Seen at Vladikavkaz Cinema in North Ossetia
Cecil says: My alternative title for this film is: Russian
mafia meets its match in B&Q.
Basically, it’s a chance for Denzil Washington to play the
tough guy, but apparently a goodie. It’s just got loads of violence, much of it
far too graphic for my liking, pretty horrible characters with far too much
testosterone for their own or anyone else’s good, and women characters that are
all either helpless or caught up in vice or both.
Admittedly, we may have missed out on the subtleties of the
dialogue since the whole thing was dubbed into Russian, but I somehow don’t
expect we missed too much.
All it did for me was make me scared to walk the 200m back
to our hotel in case any of the Russian youth around us in the cinema had got
any ideas from the film.
*
Bea says: Once again we had limited choice at our nearest
cinema while on the road. Many years ago
in the late 80s I think, I used to watch the ?BBC version of the The Equalizer
television series with my dad as we both liked it. The series featured mild mannered, middle
aged but ex-MI5 agent Edward Woodward as The Equalizer – a kind of Robin
Hood-style hitman, who settles the score for marginilised and vulnerable people
(usually women) who for some reason the police can’t or won’t help. As I recall, Edward may have advertised in a
newspaper (The Times maybe?) and people would leave him messages on his
answerphone – how quaintly antiquated that seems now.

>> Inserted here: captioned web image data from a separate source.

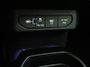 Kia EV4 Fastback GT-PlusLine 81.4 kWh - Stoelverwarming/ventilatie - Glazen Schuif-/kanteldak - Elektrisch verstelbare voorstoelen - Dodehoekcamera - Head-up display - Fabrieksgarantie tot 09-2032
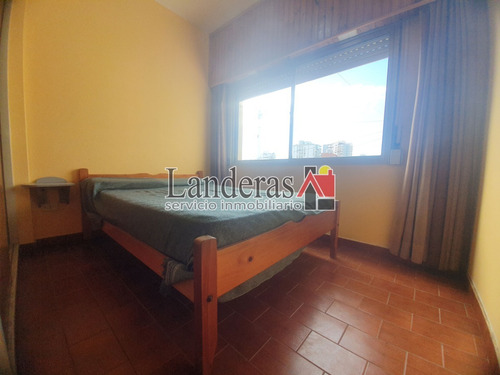 Imagen 15 de 20 de Venta En Block - 21 Departamentos 1, 2, 3 Amb - Inmejorable Ubicación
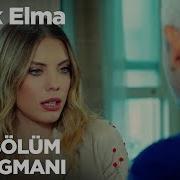 Yasak Elma 37 Bölüm 1 Fragmanı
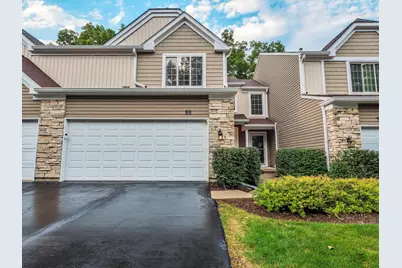 68 Cambridge Avenue, Streamwood, IL 60107 - Photo 1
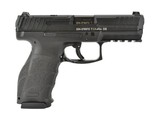 Heckler & Koch VP9 9mm (nPR49383) New- 2 of 3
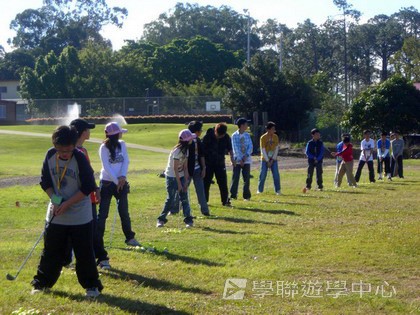 布里斯本名校遊學假期,學聯遊學團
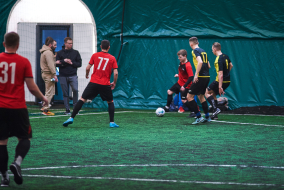 <a href="https://st.getinfootball.com/albums/1094326/68153da9f2e9d_1920.jpg" target="_blank">Завантажити оригінал</a>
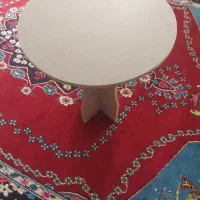 میز خاطره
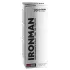 Ironman - spray retardante masculino - 30ml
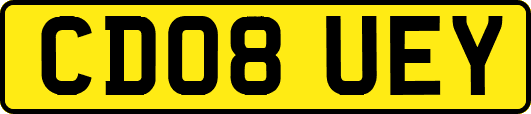 CD08UEY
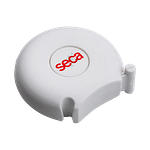 Ergonomická páska pro měření obvodu Seca 201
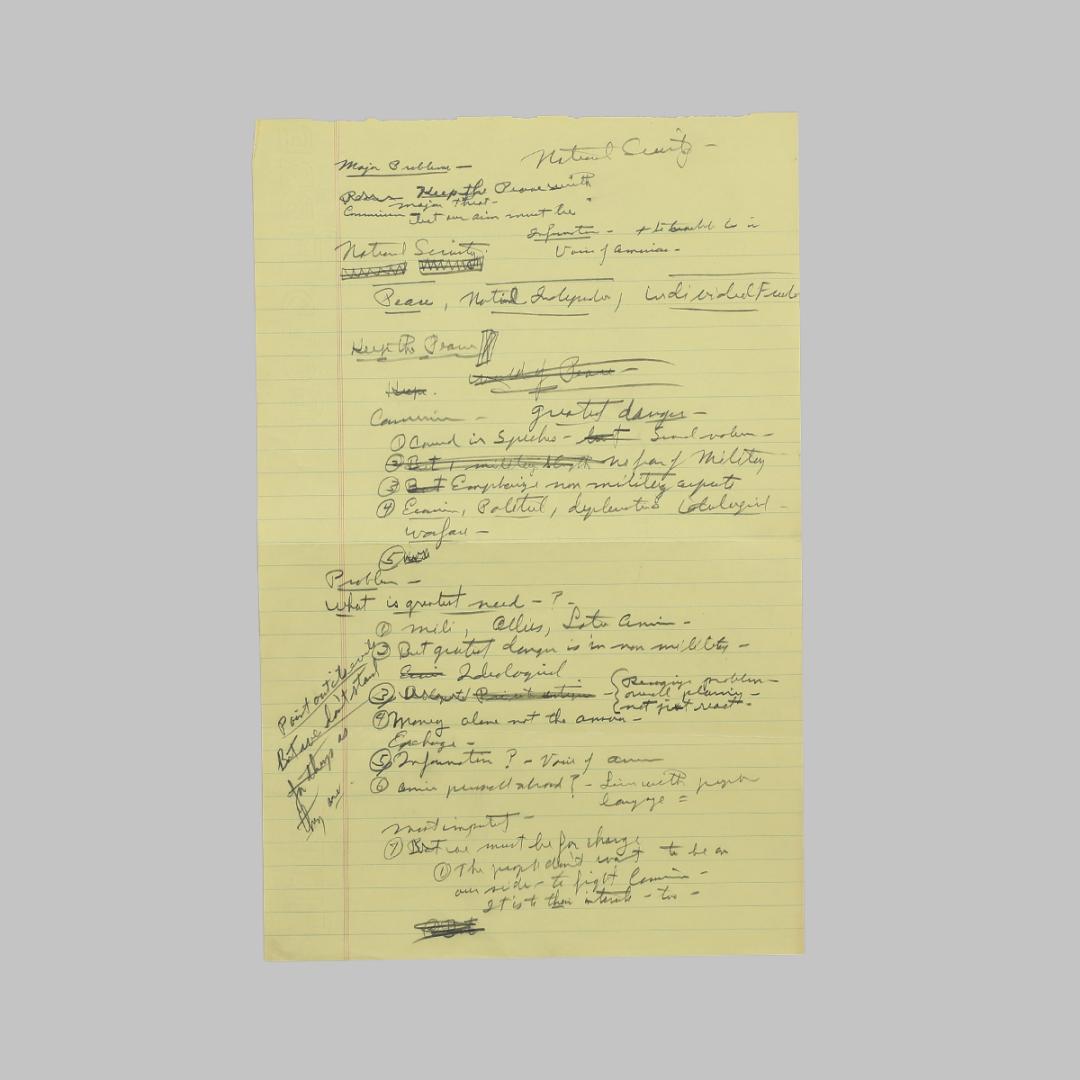 四月走秀国风大赏,四月模特国风大赏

Well, there aren’t that many similarities between that The
Equaliser and this one. Denzel is middle
aged, mild mannered and a quiet and exacting type, as was Woodward, and clearly
has some kind of training to be able to take on 5-6 bodyguards etc single
handedly. He does befriend a young local
working girl who frequents the same diner as he does, and when she is beaten up
by her pimps he takes them on. There
ends any similarities I remember – the rest of the film is extreme graphic
violence of what ensues, with The Equalizer helping out a few friends along the
way. It is extremely graphic, I think –
unnecessarily so and actually ends up (perhaps also because as Cecil says, we
didn’t understand much of the dialogue due to it being dubbed into Russian)
making Washington’s Equalizer appear a bit of a psychopath. I concur with Cecil
- It certainly did give us both the heebie-jeebies walking back to our hotel
down the dark evening streets of Vladikavkaz.
All seems to end well however, with the young working girl
surviving, and finding a new life path, and The Equaliser continuing in his
mild mannered way. I read that this film
had a troubled production, so I hope that there isn’t a sequel on the way. I don’t know what Washington was thinking of
accepting this role as it hardly portrays his talents. My advice – buy the original 80s series on
DVD for an exercise in the more subtle approach to violence.